I learned then that nothing beyond short term politics motivates Rove. Nothing. And I also learned: this fathomless cynicism is not just repulsive, it's invariably wrong. People sure did vote on deficits in 1992. And one small reason Obama won in 2008 is because many Independents and Republicans couldn't trust the GOP to stop spending and borrowing us into oblivion in an era of economic growth.
Now, Rove - whose shamelessness is only matched by his incompetence - is writing a deficit hawk column for the WSJ.
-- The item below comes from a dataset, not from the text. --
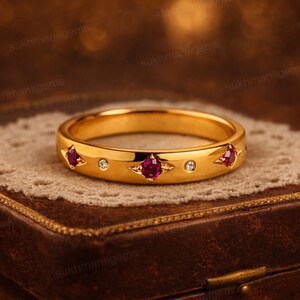 May include: A gold ring with three ruby gemstones and two small diamonds. The ring is set on a decorative lace doily atop a brown leather box. The ring's design features a band with evenly spaced gemstones.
The sliver of argument he has left is that the debt we now face is vaster than we imagined only a year ago. The reason? Rove would have you believe it's those spend-and-splurge Democrats. In fact, of course, the massive debt has been building for years and its new height was precipitated by the recession begun under Bush (who was still in office a year ago), by the stimulus necessary to prevent a total abyss, by the bailout money required to rescue the banks, and by the continued de-leveraging after the reckless private borrowing of the Bush-Cheney years.
What Rove requires is what Palin requires: total amnesia of what they just said or did. There is nothing deeper to either of them than the cynical attempt to spin the next five minutes to their own advantage and at the cost of the country in general. One knows better; the other knows nothing. Together, they represent a useful spectrum of the degeneracy on the Republican right.